The Chancellor should have built upon the solid 1.2% second quarter growth he inherited from Labour last year. Instead he is cutting too far and too fast - hitting families, costing jobs and making it much harder to get the deficit down. We're already borrowing £46 billion more than was expected this year.

Labour's balanced deficit plan would focus on creating jobs, supporting businesses and fostering innovation. Of course we need tough decisions on tax and spending cuts, but the fastest way to get the deficit down is to combine sensible spending reductions with solid economic growth.
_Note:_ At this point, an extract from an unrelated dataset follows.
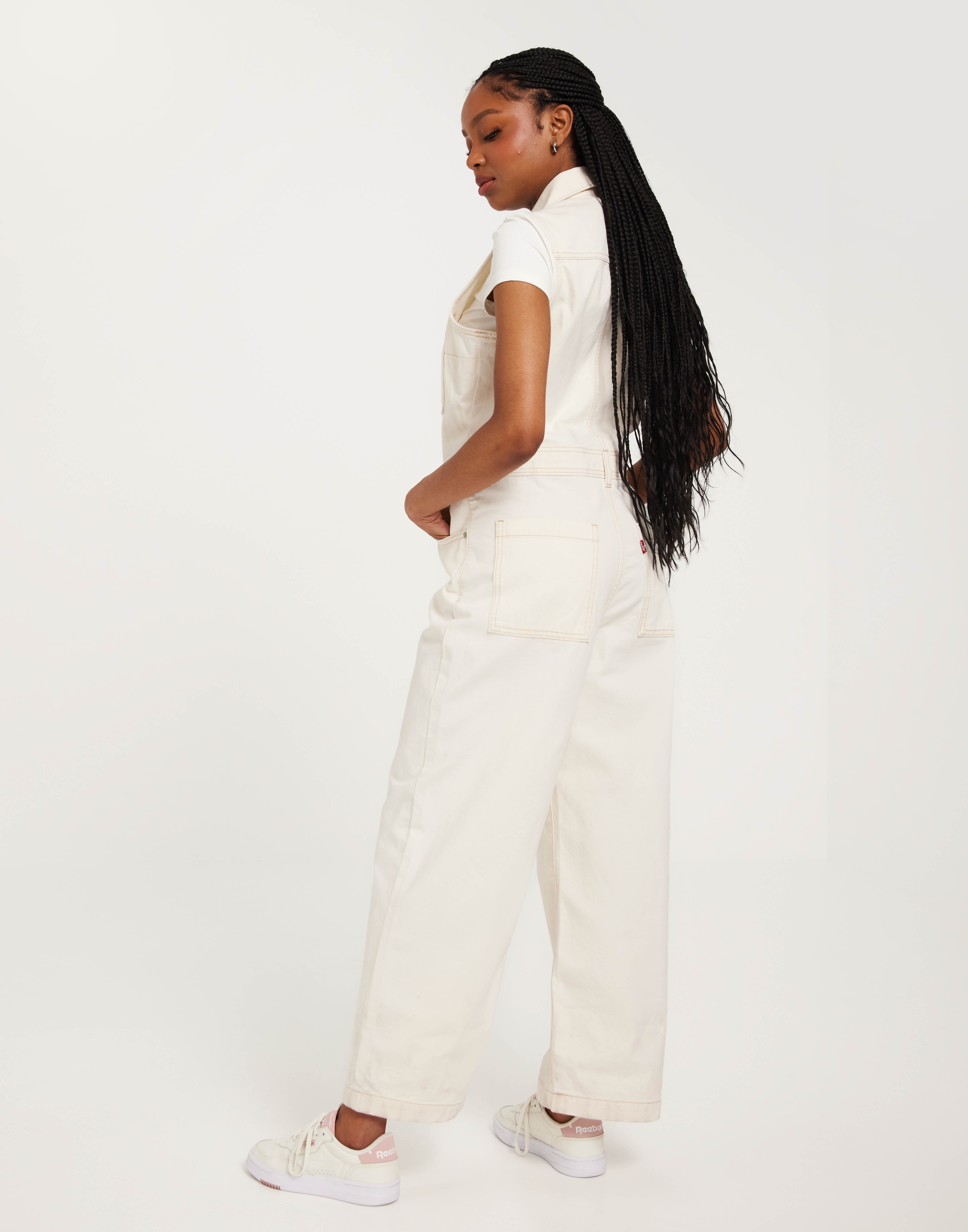 _ Ｌ'ｉｌｙ_ Alara Linen Jumpsuit In Soiree True Blue | Alice + Olivia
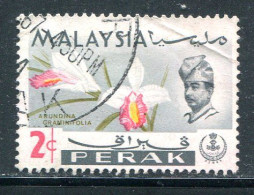 PERAK- Y&T N°112- Oblitéré - Perak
It's not just Labour calling for the Government to change course. In June, 52 of the UK's leading economists called for a plan B. They said the Chancellor's economic policies were 'self-defeating' and is 'likely to result in a lot more pain and a lot less gain'.

They called for a 'strategy for sustainable growth'. One part of this suggested plan was to focus on the low carbon economy - something this Government hasn't done.

It's estimated that over £100 billion will be spent on renewables and clean energy across the globe next year alone. Ministers should be providing the market certainty for green businesses to invest in the British economy. If they do, hundreds of thousands of jobs could be created, increasing revenues and driving growth as a result.

Instead of providing certainty, the Government has withdrawn support. Cutting 40% of the Carbon Trust's funding of green R&D, dithering over the Green Investment Bank, and unexpectedly removing Feed-in-Tariff incentives for solar power, making medium scale school, hospital and community projects unviable. A move which Howard Johns, chairman of the Solar Trade Association, said will cripple the UK's fledgling solar industry.

As a result of this approach, industry has lost confidence in Minister's ability to manage the low carbon economy.

In Ernst & Young's latest quarterly survey, only 8% of renewable industry professionals said that they were optimistic that the Government would establish the conditions for success in the next 12 months.

A good industrial policy gives entrepreneurs and investors the confidence, certainty and support to establish and grow businesses. This Tory-led Government has done the opposite and now we are going backwards.

In March, a report by the respected US Pew Environment Group showed the UK fell from being third in the world in green growth investment, to only 13th place, over the past year. This means we now rank behind emerging economies such as Brazil, India and China.

The report blamed this fall down on "a sharp decline in offshore wind energy investments and uncertainty surrounding [government] policy".

In the wind sector, we were once a world leader. Now we have been overtaken by countries such as Denmark, which has won half of the global market in wind turbines, boosting the Danish exchequer by £2.7 billion a year.

Other countries are powering ahead. We can't afford to miss out. For example, a recent report in the Financial Times suggested that in the same week that the Chinese premier was in London signing trade deals worth $2.2 billion, China and Germany signed trade deals on carbon capture technology and electric vehicles worth about $15 billion.

In the face of this decline, where is the plan to bolster tax receipts by encouraging low carbon start ups, fostering innovation and creating jobs in high tech manufacturing? The government doesn't have one.

The Government's 'Plan for Growth' released on the same day as the Budget, treated green growth as an afterthought. The document is 126 pages long but just three of them were dedicated to the low carbon economy.

We were promised the 'Green Economy Roadmap'. Don't worry if you've not heard of it, I've spoken to government ministers who haven't either. We are still waiting for it.

Business minister Mark Prisk has been talking about this joint BIS, DECC and DEFRA initiative since last autumn. It was meant to be published in April. Now it's nearly August and we still don't have it. It's incredible that after more than a year this government has been unable to publish any strategy for building a British green economy.

This needs to change and it needs to change quickly. It's not right that hardworking tax payers have to pay the cost of government ministers squandering opportunities to create jobs and build the industries of the future.

While in government, Labour introduced the Climate Change Act in 2008 to enshrine carbon targets in law, and to move Britain from a high-carbon to a low-carbon economy. We planned to achieve 40 per cent low-carbon electricity by 2020, and to create thousands of new jobs and apprenticeships in green businesses.

Today's figures show that the Chancellor needs to think again. He should adopt Labour's plans for a temporary cut in VAT to get the economy growing strongly again. Alongside this we need a proper plan for green growth. By unleashing a green revolution for skills and jobs, we could get our economic recovery back on track.